With spring just around the corner, we're all looking forward to extended daylight hours and the season's warmer weather.
We're planting flowers, airing out the patio cushions and checking the umbrella for mildew.
In many parts of the country, though, it's not quite warm enough to move outside - yet.
In the meantime, use cooler days to brighten up the indoors with a spring cleaning plan that gets the kids excited about this annual rite of home purification.
Spring cleaning kids? Excited about cleaning? You probably think there must be a typo in there! Nope, no typo. Yes, it is possible, even probable, that your kids will not only get excited but motivated and moving, too!
The secret to getting kids excited about spring cleaning starts with - well, a game.
So, to increase the odds of a successful spring cleaning with kids, two of my favorite cleaning games (one you can play with your younger kids, the second for older ones) are described below.
If helping out with cleaning is a new concept for kids in your home, you'll want to take the fun approach.
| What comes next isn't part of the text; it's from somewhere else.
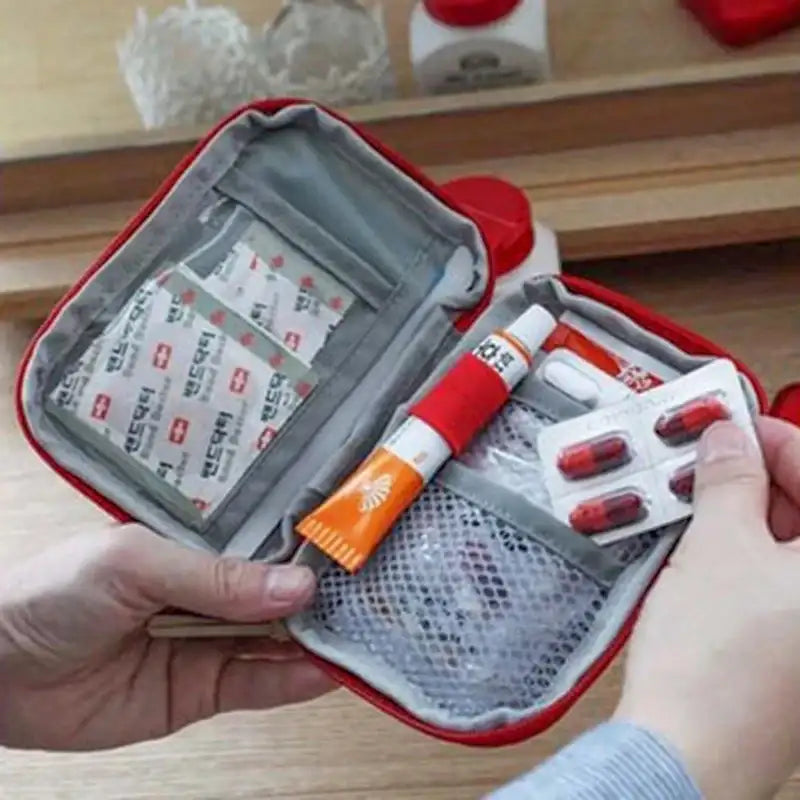 Portable Medicine Bag Cute First Aid Kit Medical Emergency Kits Organizer Outdoor Household Medicine Pill Storage Bag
It's worked wonders for my three kids, the oldest of whom is now 13 and does his own laundry.
Below I've broken down spring cleaning chores so that they're age-appropriate for your children.
We've got games to get the spring cleaning with kids party started:
When it's time for a spring cleaning session, have the family don sweats and labor the day away, dragging rags and pails.
In the evening, the family puts on their "night-out" best and heads out to dinner and a movie, something everyone enjoys together.
Looking forward to magical family outing makes even the longest list of chores palatable, especially when they're done together.
Turn on your favorite upbeat music while you clean. Watch your kids howl as you sing along and do the Bump with the vacuum and the Macarena with the duster.
You get the picture - a smiling group making short work of housework. Fill the house with positive energy, not grumbling. We rotate the DJ selection in our home to keep the peace. And we judge the results (say, a floor) not the mopper (the child), and everyone pitches in to make it a winner.